Tuesday, November 8, 2016
There's an Internet meme going around that would be funny if it weren't so true.
Me: I don't like Trump.
Everyone: "So you support a liar like Hillary? She should be in jail!"
Me: I don't like Hillary
Everyone: "So you support a racist like Trump!? He doesn't stand for American values!"
Me: I don't like either.
Everyone: "So you're going to waste your vote on a third party!? They're never going to win!"
Me: So ... there's no point in voting
Everyone "IT'S YOUR DUTY TO VOTE AS AN AMERICAN! YOU CAN'T JUST NOT VOTE!"
Literally our voting system in America.
That's the way many voters feel, and it's no wonder they're frustrated.
It wasn't much better in 2000, when Al Gore had about half a million more popular votes than George W. Bush, but Bush received 271 electoral votes to Gore's 266, only after a Supreme Court decision regarding the voting in Florida, where Bush's brother Jeb happened to be governor.

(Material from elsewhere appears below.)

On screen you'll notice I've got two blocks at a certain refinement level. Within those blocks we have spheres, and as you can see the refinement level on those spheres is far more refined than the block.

Results of that election created much debate about the electoral system, created in the horse-and-buggy days of the founding of our republic, but still a major factor in modern elections.
Despite its flaws, it has served us well over more than two centuries, but there are alternative methods of voting not tied so closely to the two-party system that gave us our current choice.
Some governments use a two-round system whereby only two candidates from the first round of voting for multiple candidates advance to the second round, from which the final winner is selected.
There's the instant-runoff voting system, where voters rank the candidates in order of preference, or the contingent vote, a two-round system of instant-runoff voting.
Then there's exhaustive balloting, where rounds of voting continue until one candidate achieves a majority.
You can bet that the two major parties would fight any serious attempting to change the current system in which they have so much invested.
But regardless of the outcome of today's election, with more than half of voters disapproving of either candidate, momentum for changing the system may begin to grow.